Abstract
Background: We investigated whether an antibody targeting N-cadherin facilitates the adhesion and spreading of N-cadherin-positive tumour cells under static conditions. Materials and Methods: Two human melanoma cell lines, HMB-2 and BLM, were selected for their presence and lack of expression of N-cadherin, respectively. In vitro adhesion experiments were performed in the presence of a monoclonal antibody targeting N-cadherin (GC-4) or a control (antibody to α-tubulin). Quantitative data from the spreading assays were calculated by converting the images obtained by fluorescence microscopy to binary images. Results: For HMB-2 cells, the average cell width was significantly larger in the presence of GC-4 vs. control at all measured time points, with the exception of the measurement at 70 minutes (p=0.051). No differences were observed between controls and GC-4 for BLM cells. Conclusion: The adhesion and spread of N-cadherin-positive tumour cells can be facilitated by the presence of an immobilized antibody to N-cadherin.

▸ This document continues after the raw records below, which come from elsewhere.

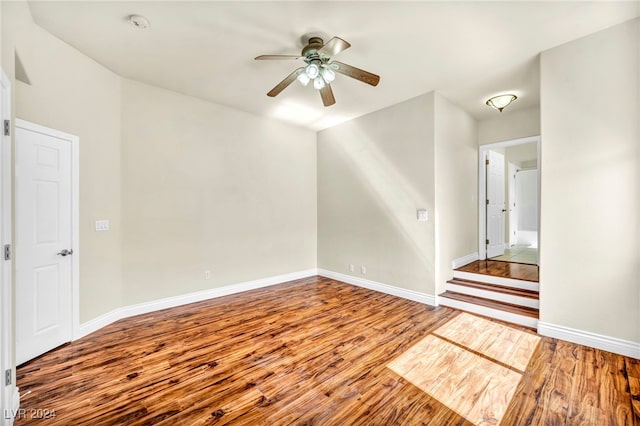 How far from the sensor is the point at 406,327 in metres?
3.21

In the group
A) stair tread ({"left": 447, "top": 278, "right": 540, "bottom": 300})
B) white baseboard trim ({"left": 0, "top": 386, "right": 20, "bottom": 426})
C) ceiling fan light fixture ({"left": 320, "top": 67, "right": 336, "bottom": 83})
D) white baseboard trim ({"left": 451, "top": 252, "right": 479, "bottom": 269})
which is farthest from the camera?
white baseboard trim ({"left": 451, "top": 252, "right": 479, "bottom": 269})

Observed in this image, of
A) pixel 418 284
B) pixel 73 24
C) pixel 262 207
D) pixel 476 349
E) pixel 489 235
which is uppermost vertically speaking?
pixel 73 24

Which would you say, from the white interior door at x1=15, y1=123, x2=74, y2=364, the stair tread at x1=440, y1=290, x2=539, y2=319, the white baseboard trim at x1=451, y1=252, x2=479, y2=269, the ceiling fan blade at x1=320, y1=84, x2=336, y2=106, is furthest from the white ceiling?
the stair tread at x1=440, y1=290, x2=539, y2=319

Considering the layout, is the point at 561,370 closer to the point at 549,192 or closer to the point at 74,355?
the point at 549,192

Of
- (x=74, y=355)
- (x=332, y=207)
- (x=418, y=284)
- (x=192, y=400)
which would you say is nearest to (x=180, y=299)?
(x=74, y=355)

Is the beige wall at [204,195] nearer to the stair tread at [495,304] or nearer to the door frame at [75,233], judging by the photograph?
the door frame at [75,233]

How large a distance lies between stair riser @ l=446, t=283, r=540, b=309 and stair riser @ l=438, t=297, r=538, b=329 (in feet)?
0.91

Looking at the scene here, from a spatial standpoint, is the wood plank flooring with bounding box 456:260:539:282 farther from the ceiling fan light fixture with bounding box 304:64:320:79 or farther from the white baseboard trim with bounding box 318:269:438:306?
the ceiling fan light fixture with bounding box 304:64:320:79

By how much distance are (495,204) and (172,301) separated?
20.3ft

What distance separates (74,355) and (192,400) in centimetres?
156

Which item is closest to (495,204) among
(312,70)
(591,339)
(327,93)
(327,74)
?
(591,339)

The development of metastases from solid tumours is a complex multistep process involving interactions between different ecosystems (1). One of the critical steps for hematogenous dissemination is the escape of tumour cells into the peripheral circulation. The correlation found between the number of circulating tumour cells (CTCs) and overall survival in metastatic breast, colorectal and prostate cancer supports the hypothesis of a critical role for these CTCs in tumour progression and metastasis (2, 3). Consequently, it is hypothesized that the hematogenous transport phase of CTCs offers an interesting therapeutic window to interrupt the metastatic process resulting in a reduction of disease progression and mortality (4). A specific approach of this strategy is the targeting of cell adhesion molecules expressed on the surface of CTCs. A few in vivo devices have been developed utilizing a vascular shunt continuously screening for CTC via selectin-mediated adhesions (5). This induces the CTCs to adhere and roll over the shunt's internal surface, which is equipped with apoptosis-inducing molecules (5). Another interesting cell adhesion molecule expressed on the surface of CTCs is N-cadherin (6), a key player in the transformation process of multiple solid tumours called epithelial-to-mesenchymal transition (EMT) involved in the dissemination of tumours (7). Consequently, N-cadherin could be an interesting alternative molecule for trapping CTCs. As a first proof-of-concept, the current study investigated whether an antibody targeting N-cadherin facilitates the adhesion and spreading of N-cadherin-positive tumour cells under static conditions. We opted to use melanoma cell lines because the progression from a predominantly E-cadherin phenotype as melanocytes to a predominantly N-cadherin phenotype plays an important role during the transition into melanoma and the acquisition of a vertical growth phase (8).
Materials and Methods
Cell lines. Two human melanoma cell lines, HMB-2 and BLM, were obtained from D. Rutherford (Rayne Institute, St Thomas Hospital, UK) and L. Van Kempen (University of Nijmegen, the Netherlands), respectively. The melanocytic origin of these cell lines has been previously documented by immunocytochemistry (9). HMB-2 cells express N-cadherin, but no P- nor E-cadherin, while BLM cells do not express any of these type I cadherins at all (10). Both cell lines were maintained in Dulbecco's modified Eagle's medium (DMEM) from Invitrogen, (Merelbeke, Belgium), supplemented with 10% heat-inactivated fetal bovine serum (Greiner Bio-One, Wemmel, Belgium), 100 IU/ml penicillin, 100 μg/ml streptomycin, and 2.5 μg/ml amphotericin B. They were incubated in 25 cm2 tissue culture flasks at 37°C in an atmosphere of 10% CO2 in air.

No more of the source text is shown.